For Kerri Rawson, another was just beginning. She was plunged into a black hole of horror and disbelief. The same man who had been a loving father, a devoted husband, church president, Boy Scout leader, and a public servant had been using their family as a cover for his heinous crimes since before she was born. Everything she had believed about her life had been a lie”.

My ReviewWhat I liked. What drew me initially to this book was the fact that the author was the daughter of a notorious serial killer, BTK, i.e., Denis Rader. Having read multiple true crime books in the past, I was interested to get a perspective from someone unique to her situation. Usually true crime books are written by third parties who have done extensive research on the crimes and the killer. In A Serial Killer’s Daughter, we not only get to read about the crimes, but we also get to experience the “behind the scenes” look at the killer himself. Family man or monster? Average guy or sadist? Through out the book Rawson struggles to reconcile these two images of her father — yet Rawson admits that her father was volitale, sometimes erupting into anger and violence without much provocation.

One of the things that stuck with me was Rawson’s description of the BTK killer weeping over his father’s death bed. Rawson’s mother said, “I don’t think your dad had ever sat beside someone who died before.” Little did she know… I have to wonder, what is the psychology of a man who can cry over the death of his own father, but then take the lives of 10 people without empathy or remorse? It is truly chilling. So was Rawson’s visceral need to love and/or forgive her father — to somehow separate the man she knew from the deeds he had done — as though they were 2 different people.

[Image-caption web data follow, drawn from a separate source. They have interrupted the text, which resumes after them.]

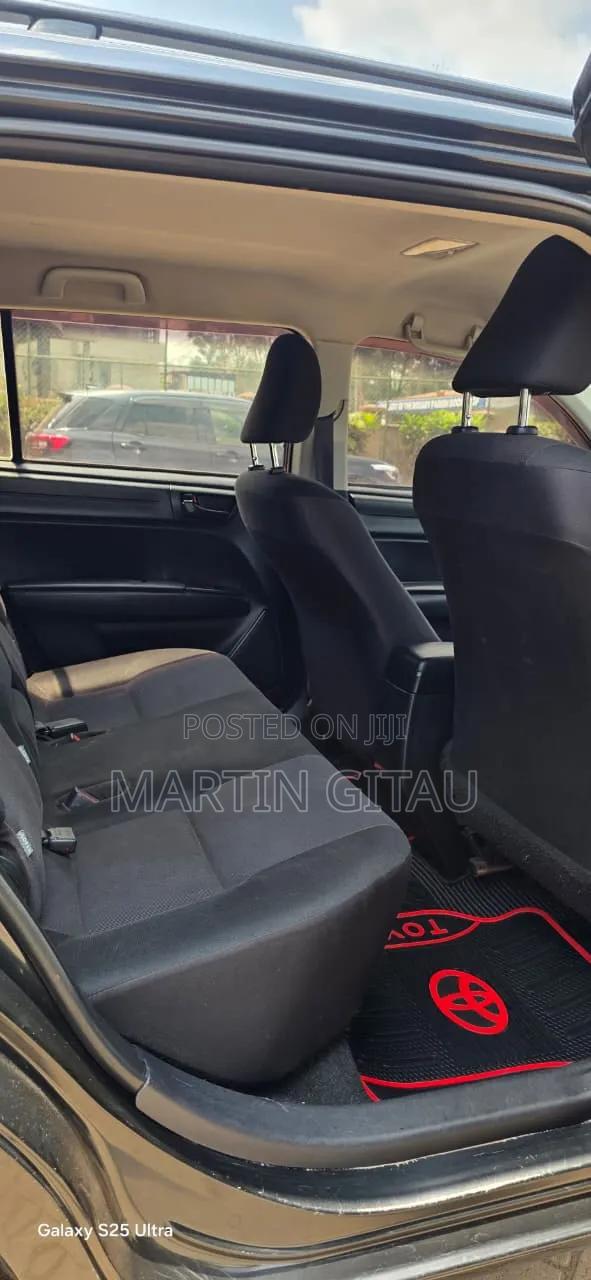 Toyota Corolla Fielder 2015 Blue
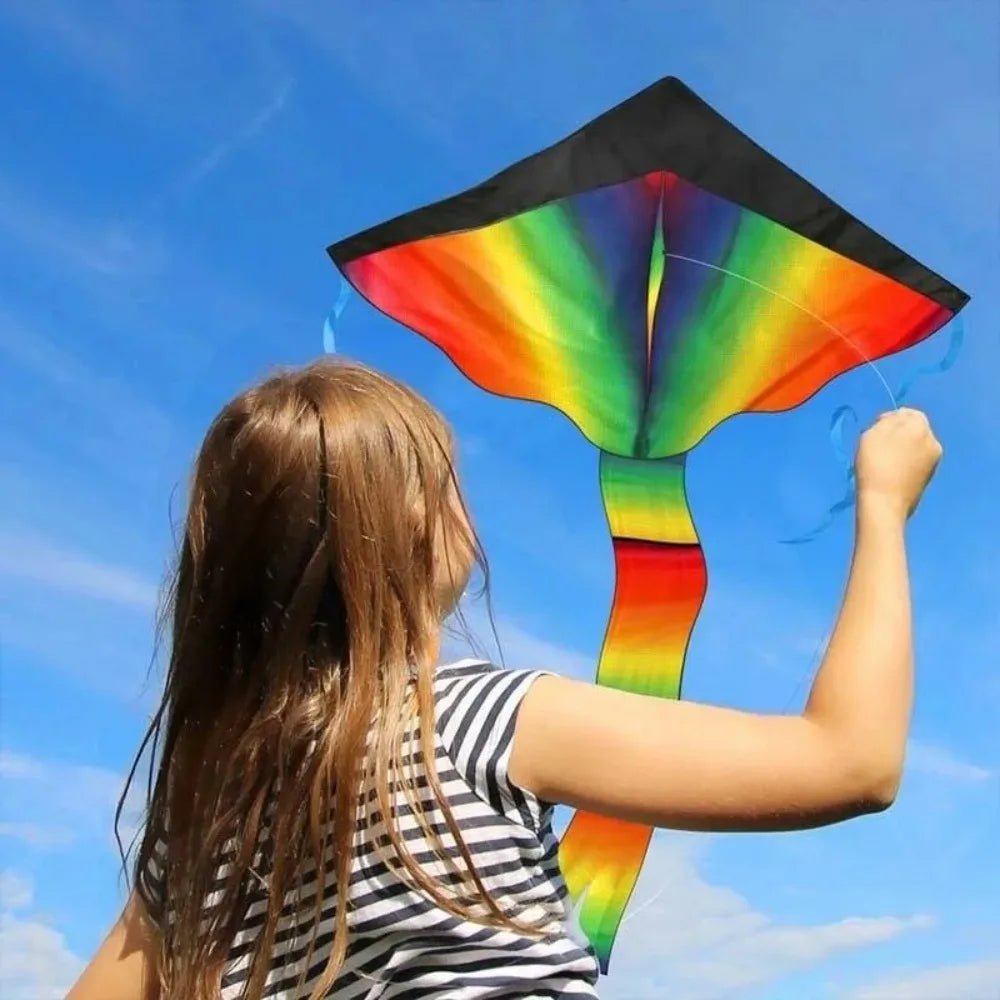 Outdoor Kites, Flying Kites, Triangular Kites with 100m Kite String, Outdoor Flying Tools, Ideal for Summer Outdoor Activities and Camping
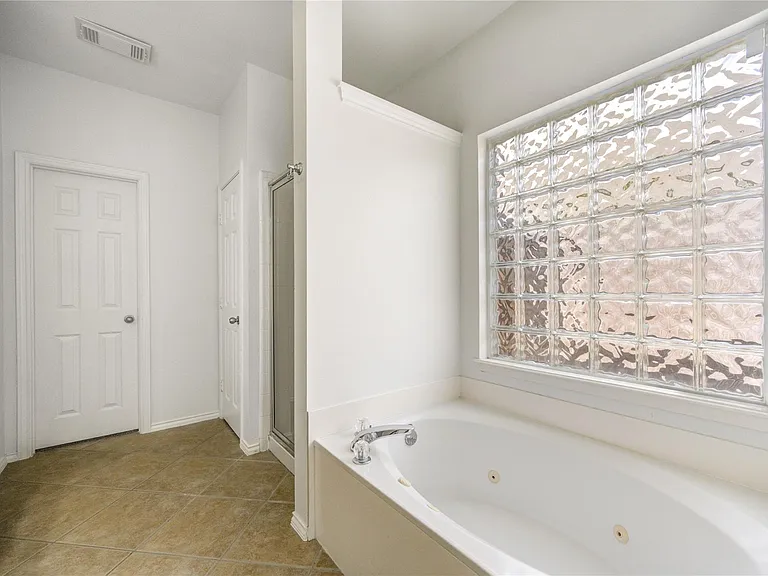 4426 Desert Cliff Ct — Photo 21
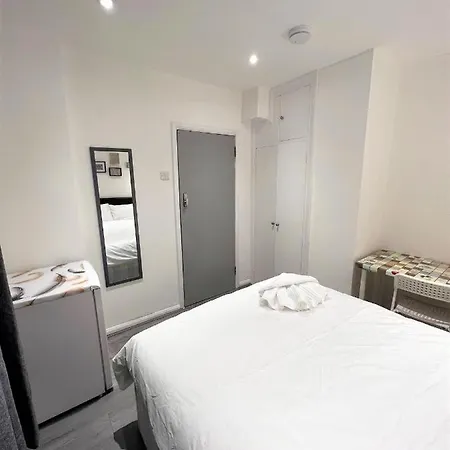 Stepney Beds To 24 Londra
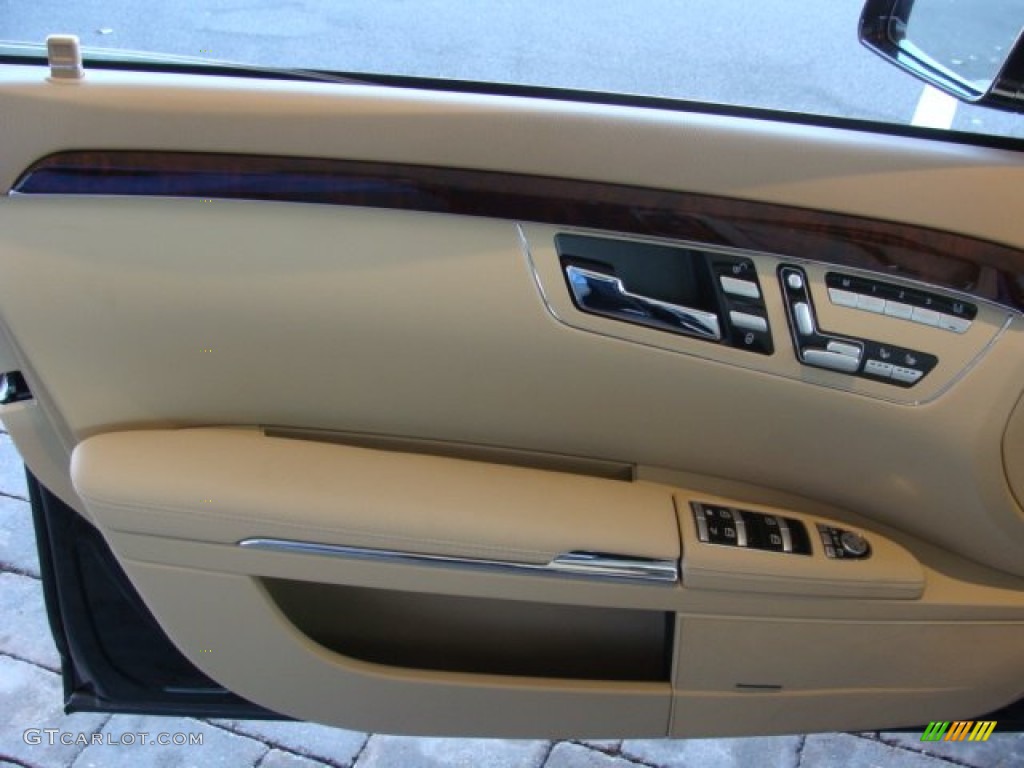 2010 Mercedes-Benz S 400 Hybrid Sedan Door Panel Photos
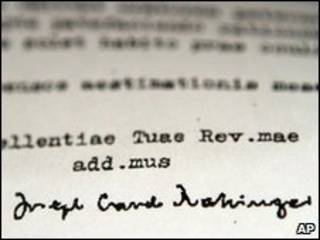 A carta de 1985 com a assinatura de Joseph Ratzinger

“I missed my father. That was one of the first times I’d admitted that. Was it okay to admit I missed a serial killer? That I loved one? I didn’t miss a serial killer, didn’t love one–I missed my dad. I loved my dad….It was always going to be that simple and that hard.”

What I didn’t like. I would have given this book 4 stars rather than 3 had it not been for all of the religious aspects. I understand that Kerri Rawson is a religious person, and it is obvious that religion is important in her life, but she basically wrote in stream of consciousness /  internal dialogue. For example:

“I spoke of God’s unending ability to forgive–to love. But I was stubbornly holding out on doing it myself. I didn’t know if I could forgive my dad. ‘God? Are you asking me to forgive him or to write him also–let him back into my life? I don’t know if I can–I don’t know if I can trust him.’ ‘You can trust me–I’m your father too.’ ‘But my father hurt me.’ ‘Yes. Remember Joseph?’

And

“I spent the next several weeks stuck on the couch, stewing over my latest predicament, bawling in pain as I tried to keep my toddler son out of trouble, and wrestling with God. Quiet, peaceful, easy, little life, God. Remember? But God lets nothing go to waste. We need to work on your forgiveness problem–we’ve got nothing but time. I don’t wanna God. Do it anyway.”

Aside from the distraction of reading someone’s internal dialogue, I am not a religious person, so the God references, which happened A LOT, were super annoying. I just don’t understand how the portion in italics above helped to move the story along? This is a book, not a diary, afterall.

Professional Reader

Disclosure of Material Connection: I received this book free from Netgalley. I was not required to write a positive review. The opinions I have expressed are my own. I am disclosing this in accordance with the Federal Trade Commission’s 16 CFR, Part 255: “Guides Concerning the Use of Endorsements and Testimonials in Advertising.”